As lições da revolução cubana
Como já dissemos, a grande lição desta revolução é que só com a expropriação do capitalismo que se pode mudar qualitativamente o nível de vida das massas, conseguindo conquistas que não foram alcançadas nos países capitalistas mais avançados, como acabar com o analfabetismo, a prostituição e o desemprego. Mas outra grande lição é que isso só é possível manter e superar com um regime de democracia operária e com uma direção revolucionária que promova o desenvolvimento da revolução mundial. Do contrário, cedo ou tarde, essa revolução será derrotada.
Em 1986, Nahuel Moreno dizia: “Ao longo de minha vida política, depois de, por exemplo, olhar com simpatia o regime que surgiu da revolução cubana, cheguei à conclusão de que é necessário continuar com a política revolucionária de classe, embora postergue a chegada ao poder para nós por vinte ou trinta anos, ou o que for. Aspiramos que seja a classe operária a que verdadeiramente chegue ao poder, por isso queremos dirigi-la.”[10]
Concordamos com essa reflexão. Por isso, a partir da LIT, nossa conclusão aos 65 anos da revolução é que o que está proposto em Cuba, como em todos os países do mundo é: a construção de uma direção revolucionária, operária, socialista, internacionalista. Só assim a nova revolução cubana poderá triunfar, como parte da revolução socialista mundial.
[1] Batista inicialmente subiu ao poder como parte da “Revolta dos Sargentos” que derrubou o regime autoritário de Gerardo Machado em 1933. Nomeou a si próprio chefe das Forças Armadas com a faixa de coronel e manteve o controle com uma série de presidentes fantoches até 1940, quando foi eleito presidente com uma plataforma populista. Foi eleito com o apoio de uma aliança que incluía o Partido Liberal, o Partido da União Nacionalista, a Associação Nacional Democrática e a União Revolucionária Comunista (antecessora do Partido Comunista de Cuba). Em seu governo instalou-se a Constituição de 1940, considerada progressista para a época. Durante sua gestão, foram promulgadas leis e políticas trabalhistas a favor dos sindicatos e foram realizadas importantes reformas sociais que foram apoiadas pelos comunistas que acusavam os opositores de fascistas e reacionários.

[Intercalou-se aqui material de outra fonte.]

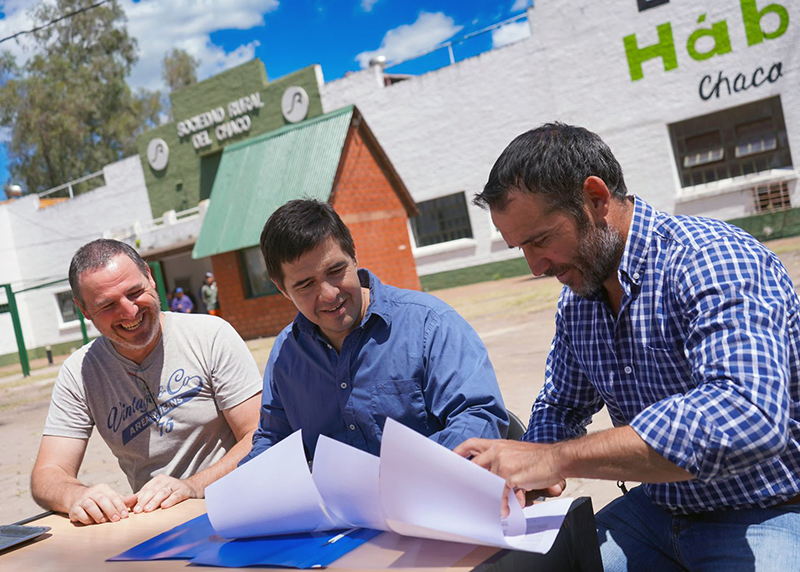 Producción firmó con la Sociedad Rural comodato para uso de las instalaciones del predio ferial de Resistencia Producción firmó con la Sociedad Rural comodato para uso de las instalaciones del predio ferial de Resistencia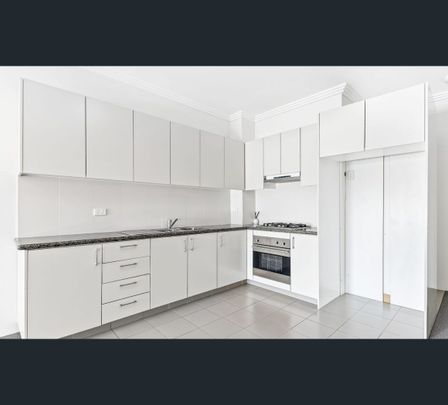 12/13 Bayley Street, Marrickville, NSW 2204 - Photo 1
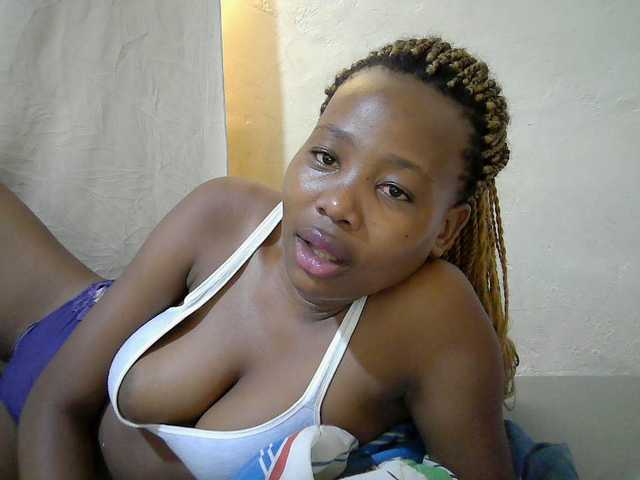 queen-slender live webcam show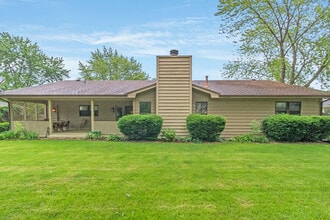 523 Carla Dr in Shorewood, IL - Building Photo - Building Photo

[2] O salário anual de Batista passou a ser de 144 mil dólares, quando o de Truman (presidente dos EUA) era de 100 mil dólares
[3] Orlando Borrego foi o Primeiro-Tenente na coluna “Ciro Redondo” sob o comando de Che. Depois da vitória da revolução foi chefe do Departamento de Industrialização (1959-60); vice-Ministro do Ministério da Indústria (1961-64); ministro da Indústria Açucareira (1964-68); Assessor do Comitê Executivo do Conselho de Ministros (1973-1980). Atualmente (2003) é assessor econômico da Cátedra Che Guevara da Universidade de Havana e assessor do Ministério dos Transportes de Cuba.
[4] Nahuel Moreno, Atualização do Programa de Transição, T. XX
[5] Nahuel Moreno, Atualização do Programa de Transição, T XI
[6] discurso de Fidel Castro, no ato central pelo XXVI aniversário do assalto ao quartel Moncada, em 26 de julho de 1979,
[7] Discurso de Fidel na Faculdade de Direito, Buenos Aires 26 de maio de 2003, ante a vitória eleitoral de Néstor Kirchner.
[8] Ver Marxismo Vivo N 3, maio 2001, Debate entre a LIT e a delegação cubana ao Fórum Social Mundial.
[9] Clarin, 23-12-2023
[10] Conversações com Nahuel Moreno, Capítulo 1, A perspectiva da revolução mundial.